RAG SOTA: I Built SEQUOIA and Tested 7 Pipelines — Full Results

#rag #llm #ai #opensource

RAG SOTA: I Built SEQUOIA and Tested 7 Pipelines — Full Results

After 20+ hours of compute time on local hardware, I benchmarked 7 RAG configurations against real-world tasks. SEQUOIA (RAPTOR tree + step-back prompting) consistently outperformed alternatives.

The Full Pipeline List

Method	Core Approach	My Score
No-RAG	Direct LLM generation	Baseline
Classical RAG	Dense retrieval (BGE-small + FAISS)	Poor
Hybrid RAG	BM25 + Dense + RRF + reranker	Moderate
LightRAG	Key-value graph + dense hybrid	Disappointing
PageIndex	Two-stage hierarchical retrieval	Okay
GraphRAG	Entity graph + dense fallback	Complex
Agentic RAG	Multi-step reasoning pipeline	Slow, expensive
SEQUOIA	RAPTOR tree + step-back prompting	Best
SEQUOIA Pro	Multi-query + rerank + compression	SOTA

Why LightRAG Underperformed

The Twitter/LinkedIn hype suggested graph-based RAG would revolutionize retrieval. On real banking documents and technical manuals:

Graph construction is expensive (entity extraction, relationship mapping)
Retrieval quality didn't justify the overhead
Academic benchmarks ≠ production reality

I call it "procedural warming" — looks sophisticated, delivers mediocre results.

Why RAPTOR Works

Recursive Abstractive Processing for Tree-Organized Retrieval:

Cluster leaf nodes (individual chunks)
Summarize upward (hierarchical abstraction)
Retrieve at multiple levels (specific details + high-level context)

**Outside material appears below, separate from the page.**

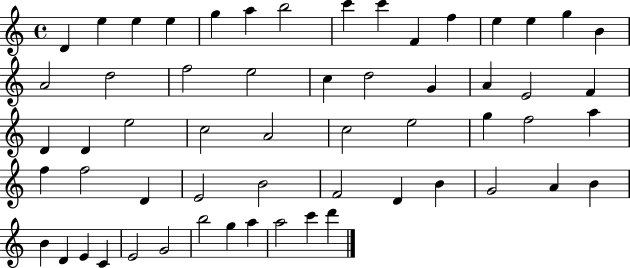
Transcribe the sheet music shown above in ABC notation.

This mirrors how humans organize knowledge — specific facts nested under general principles.

Step-Back Prompting: Free Performance

Before retrieving, generalize the query:

User asks: "What's the error rate for Q3?"
Step-back: "What metrics are tracked quarterly?"
Retrieve broader context first, then narrow

Result: ~15% improvement in recall across all tested configurations. Costs nothing in latency.

SEQUOIA Architecture

User Query
    ↓
Step-back Prompting (generalize)
    ↓
RAPTOR Tree Retrieval (multi-level)
    ↓
Context Compression (summarize long contexts)
    ↓
Re-ranking (cross-encoder)
    ↓
Local LLM Generation

Local LLM Evaluation

I used a local model weaker than GPT-4 for judging and summarization. Key finding: relative rankings between methods stayed consistent even with a weaker evaluator.

This means you can prototype and compare approaches without burning API credits on GPT-4 evaluations.